Filtering out strings that only contains digits and/or punctuation - python

Question 1

Using all with generator expression, you don't need to count, compare length:

>>> [i for i in x if all(j.isdigit() or j in string.punctuation for j in i)]
['12,523', '3.46']

BTW, above and OP's code will include strings that contains only punctuations.

>>> x = [',,,', '...', '123', 'not number']
>>> [i for i in x if all(j.isdigit() or j in string.punctuation for j in i)]
[',,,', '...', '123']

To handle that, add more condition:

>>> [i for i in x if all(j.isdigit() or j in string.punctuation for j in i) and any(j.isdigit() for j in i)]
['123']

You can make it a little bit faster by storing the result of string.punctuation in a set.

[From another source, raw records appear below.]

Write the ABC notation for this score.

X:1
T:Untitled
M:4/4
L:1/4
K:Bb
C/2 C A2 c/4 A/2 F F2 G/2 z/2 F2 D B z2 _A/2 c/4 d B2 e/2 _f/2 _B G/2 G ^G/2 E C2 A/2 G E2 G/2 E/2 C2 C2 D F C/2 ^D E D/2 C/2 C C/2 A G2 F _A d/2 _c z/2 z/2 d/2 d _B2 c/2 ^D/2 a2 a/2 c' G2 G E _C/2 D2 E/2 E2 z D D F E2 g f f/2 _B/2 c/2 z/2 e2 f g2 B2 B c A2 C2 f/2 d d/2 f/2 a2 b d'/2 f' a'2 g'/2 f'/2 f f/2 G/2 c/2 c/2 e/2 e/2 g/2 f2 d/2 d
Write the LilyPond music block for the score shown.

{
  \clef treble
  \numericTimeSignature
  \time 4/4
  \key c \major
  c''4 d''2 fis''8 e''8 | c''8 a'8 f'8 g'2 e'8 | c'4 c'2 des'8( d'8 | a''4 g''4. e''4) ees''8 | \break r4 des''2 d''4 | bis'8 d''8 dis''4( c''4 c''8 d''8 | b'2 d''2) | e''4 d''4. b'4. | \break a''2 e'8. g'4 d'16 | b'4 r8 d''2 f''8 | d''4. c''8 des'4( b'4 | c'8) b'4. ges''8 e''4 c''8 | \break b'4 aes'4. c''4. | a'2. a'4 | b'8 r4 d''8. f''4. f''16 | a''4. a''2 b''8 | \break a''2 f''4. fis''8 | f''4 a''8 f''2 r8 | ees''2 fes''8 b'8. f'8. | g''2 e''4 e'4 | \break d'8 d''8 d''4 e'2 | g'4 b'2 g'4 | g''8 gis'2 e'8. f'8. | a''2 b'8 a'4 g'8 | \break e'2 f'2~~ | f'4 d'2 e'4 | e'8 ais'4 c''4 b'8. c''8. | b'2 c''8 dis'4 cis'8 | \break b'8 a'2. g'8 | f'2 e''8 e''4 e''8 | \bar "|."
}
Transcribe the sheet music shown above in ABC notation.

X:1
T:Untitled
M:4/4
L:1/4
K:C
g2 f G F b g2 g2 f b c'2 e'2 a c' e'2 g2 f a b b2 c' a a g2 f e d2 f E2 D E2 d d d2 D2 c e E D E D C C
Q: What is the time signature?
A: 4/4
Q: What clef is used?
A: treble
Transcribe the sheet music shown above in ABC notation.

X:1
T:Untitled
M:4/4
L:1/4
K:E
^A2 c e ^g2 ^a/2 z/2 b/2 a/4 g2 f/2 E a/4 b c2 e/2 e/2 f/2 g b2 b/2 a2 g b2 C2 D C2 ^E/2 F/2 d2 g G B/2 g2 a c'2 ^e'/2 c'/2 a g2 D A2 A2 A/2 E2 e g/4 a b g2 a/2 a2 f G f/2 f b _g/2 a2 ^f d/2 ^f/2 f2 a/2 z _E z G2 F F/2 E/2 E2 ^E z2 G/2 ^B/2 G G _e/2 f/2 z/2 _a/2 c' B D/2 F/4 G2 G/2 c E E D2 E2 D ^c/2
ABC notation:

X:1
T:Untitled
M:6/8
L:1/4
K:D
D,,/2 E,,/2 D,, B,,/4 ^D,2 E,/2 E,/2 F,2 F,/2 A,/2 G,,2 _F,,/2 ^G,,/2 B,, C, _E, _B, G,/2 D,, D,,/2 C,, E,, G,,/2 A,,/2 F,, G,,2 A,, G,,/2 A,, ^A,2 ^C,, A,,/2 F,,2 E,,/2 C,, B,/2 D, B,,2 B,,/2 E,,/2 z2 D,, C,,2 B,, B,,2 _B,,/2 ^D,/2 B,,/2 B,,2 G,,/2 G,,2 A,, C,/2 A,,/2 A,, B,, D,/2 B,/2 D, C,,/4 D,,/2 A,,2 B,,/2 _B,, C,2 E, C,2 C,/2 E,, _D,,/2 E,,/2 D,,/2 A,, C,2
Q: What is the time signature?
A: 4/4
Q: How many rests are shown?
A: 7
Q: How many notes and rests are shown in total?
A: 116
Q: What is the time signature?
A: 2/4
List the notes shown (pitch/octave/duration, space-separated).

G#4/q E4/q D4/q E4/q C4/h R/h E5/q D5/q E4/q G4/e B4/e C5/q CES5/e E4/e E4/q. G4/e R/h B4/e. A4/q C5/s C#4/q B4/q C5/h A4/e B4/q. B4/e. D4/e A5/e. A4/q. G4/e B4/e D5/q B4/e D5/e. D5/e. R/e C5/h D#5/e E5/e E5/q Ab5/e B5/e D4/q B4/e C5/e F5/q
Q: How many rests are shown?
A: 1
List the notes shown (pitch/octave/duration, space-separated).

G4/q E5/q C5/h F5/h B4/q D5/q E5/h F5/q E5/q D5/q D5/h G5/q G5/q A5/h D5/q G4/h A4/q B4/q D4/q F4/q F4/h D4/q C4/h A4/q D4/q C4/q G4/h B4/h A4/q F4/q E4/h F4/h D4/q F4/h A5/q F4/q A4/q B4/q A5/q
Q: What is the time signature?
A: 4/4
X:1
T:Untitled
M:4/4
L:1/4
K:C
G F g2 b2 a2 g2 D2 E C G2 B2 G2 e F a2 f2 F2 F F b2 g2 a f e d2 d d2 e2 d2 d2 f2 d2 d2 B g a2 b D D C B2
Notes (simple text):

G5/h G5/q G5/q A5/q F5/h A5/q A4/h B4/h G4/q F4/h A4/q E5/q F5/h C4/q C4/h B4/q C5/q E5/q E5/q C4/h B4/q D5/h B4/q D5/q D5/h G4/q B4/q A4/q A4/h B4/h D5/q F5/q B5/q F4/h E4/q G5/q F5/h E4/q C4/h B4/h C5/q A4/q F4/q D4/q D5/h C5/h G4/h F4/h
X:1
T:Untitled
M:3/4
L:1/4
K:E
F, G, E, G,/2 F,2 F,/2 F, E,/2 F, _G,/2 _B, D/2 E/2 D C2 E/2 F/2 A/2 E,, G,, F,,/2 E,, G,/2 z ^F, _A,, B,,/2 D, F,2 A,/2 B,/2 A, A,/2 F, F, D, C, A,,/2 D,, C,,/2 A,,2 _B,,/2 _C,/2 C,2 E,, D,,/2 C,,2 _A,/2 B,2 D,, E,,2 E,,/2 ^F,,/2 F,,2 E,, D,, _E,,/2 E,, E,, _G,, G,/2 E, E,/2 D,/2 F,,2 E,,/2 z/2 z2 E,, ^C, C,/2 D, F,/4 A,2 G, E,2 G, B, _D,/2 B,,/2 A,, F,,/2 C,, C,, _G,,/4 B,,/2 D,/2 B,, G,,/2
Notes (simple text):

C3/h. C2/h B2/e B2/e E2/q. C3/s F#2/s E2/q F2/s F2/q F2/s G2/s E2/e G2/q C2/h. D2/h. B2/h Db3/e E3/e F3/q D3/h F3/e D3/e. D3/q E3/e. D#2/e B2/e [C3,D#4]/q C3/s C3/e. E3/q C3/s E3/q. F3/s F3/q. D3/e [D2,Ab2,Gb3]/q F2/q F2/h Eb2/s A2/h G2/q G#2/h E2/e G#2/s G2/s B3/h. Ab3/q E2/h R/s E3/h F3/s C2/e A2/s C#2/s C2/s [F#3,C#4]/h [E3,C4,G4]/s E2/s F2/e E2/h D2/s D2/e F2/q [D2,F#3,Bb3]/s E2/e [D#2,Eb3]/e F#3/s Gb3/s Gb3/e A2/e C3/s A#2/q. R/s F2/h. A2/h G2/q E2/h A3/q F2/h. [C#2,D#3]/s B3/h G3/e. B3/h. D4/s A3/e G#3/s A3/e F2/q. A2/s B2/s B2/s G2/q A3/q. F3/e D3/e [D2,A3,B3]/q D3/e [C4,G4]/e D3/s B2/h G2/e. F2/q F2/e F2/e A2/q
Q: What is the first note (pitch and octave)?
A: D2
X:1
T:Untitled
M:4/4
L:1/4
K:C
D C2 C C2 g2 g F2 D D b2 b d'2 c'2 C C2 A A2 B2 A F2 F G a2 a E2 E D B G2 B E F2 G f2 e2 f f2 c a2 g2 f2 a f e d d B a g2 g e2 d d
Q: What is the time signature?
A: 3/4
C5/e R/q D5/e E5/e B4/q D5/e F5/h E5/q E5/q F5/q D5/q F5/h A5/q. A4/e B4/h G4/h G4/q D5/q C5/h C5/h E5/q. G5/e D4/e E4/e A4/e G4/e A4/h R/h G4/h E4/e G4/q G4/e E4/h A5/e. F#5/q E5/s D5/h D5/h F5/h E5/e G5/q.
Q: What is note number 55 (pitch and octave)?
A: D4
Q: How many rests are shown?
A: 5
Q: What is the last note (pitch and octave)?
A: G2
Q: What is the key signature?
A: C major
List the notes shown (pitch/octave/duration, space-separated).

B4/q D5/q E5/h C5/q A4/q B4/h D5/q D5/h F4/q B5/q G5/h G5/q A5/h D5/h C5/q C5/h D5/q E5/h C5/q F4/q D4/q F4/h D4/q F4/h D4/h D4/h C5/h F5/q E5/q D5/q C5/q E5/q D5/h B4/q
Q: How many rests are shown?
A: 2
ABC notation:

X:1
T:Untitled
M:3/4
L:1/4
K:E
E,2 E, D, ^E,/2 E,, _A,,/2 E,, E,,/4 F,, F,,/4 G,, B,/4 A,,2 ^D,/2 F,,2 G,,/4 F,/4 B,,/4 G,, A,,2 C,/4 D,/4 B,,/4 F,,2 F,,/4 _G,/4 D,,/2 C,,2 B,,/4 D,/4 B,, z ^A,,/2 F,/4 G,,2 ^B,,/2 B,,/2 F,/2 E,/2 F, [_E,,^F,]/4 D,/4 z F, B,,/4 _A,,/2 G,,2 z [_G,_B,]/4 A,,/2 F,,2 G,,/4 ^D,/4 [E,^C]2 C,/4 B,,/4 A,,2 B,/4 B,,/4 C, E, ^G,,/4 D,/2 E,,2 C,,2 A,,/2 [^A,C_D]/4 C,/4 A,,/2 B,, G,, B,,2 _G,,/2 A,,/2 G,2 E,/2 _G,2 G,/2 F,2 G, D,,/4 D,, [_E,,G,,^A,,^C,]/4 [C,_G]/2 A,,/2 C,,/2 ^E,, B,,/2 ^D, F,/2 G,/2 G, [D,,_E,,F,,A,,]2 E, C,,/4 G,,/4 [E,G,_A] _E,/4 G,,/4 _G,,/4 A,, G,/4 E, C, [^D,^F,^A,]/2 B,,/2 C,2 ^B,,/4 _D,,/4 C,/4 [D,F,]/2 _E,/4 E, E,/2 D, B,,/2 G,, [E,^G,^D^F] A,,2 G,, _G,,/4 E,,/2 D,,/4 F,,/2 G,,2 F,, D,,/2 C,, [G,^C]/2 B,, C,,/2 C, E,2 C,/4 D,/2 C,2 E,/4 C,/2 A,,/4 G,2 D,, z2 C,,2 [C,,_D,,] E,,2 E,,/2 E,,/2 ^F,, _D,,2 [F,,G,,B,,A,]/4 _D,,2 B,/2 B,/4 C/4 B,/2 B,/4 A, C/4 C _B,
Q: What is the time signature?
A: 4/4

>>> puncs = set(string.punctuation)
>>> [i for i in x if all(j.isdigit() or j in puncs for j in i) and any(j.isdigit() for j in i)]
['123']

Question 2

You can use a pre-compiled regular expression to check this.

import re, string
pattern = re.compile("[\d{}]+$".format(re.escape(string.punctuation)))
x = ['12,523', '3.46', "this is not", "foo bar 42", "23fa"]
print [item for item in x if pattern.match(item)]

Output

['12,523', '3.46']

A little timing comparison, between @falsetru's solution and mine

import re, string
punct = string.punctuation
pattern = re.compile("[\d{}]+$".format(re.escape(string.punctuation)))
x = ['12,523', '3.46', "this is not", "foo bar 42", "23fa"]

from timeit import timeit
print timeit("[item for item in x if pattern.match(item)]", "from __main__ import pattern, x")
print timeit("[i for i in x if all(j.isdigit() or j in punct for j in i)]", "from __main__ import x, punct")

Output on my machine

2.03506183624
4.28856396675

So, the pre-compiled RegEx approach, is twice as fast as the all and any approach.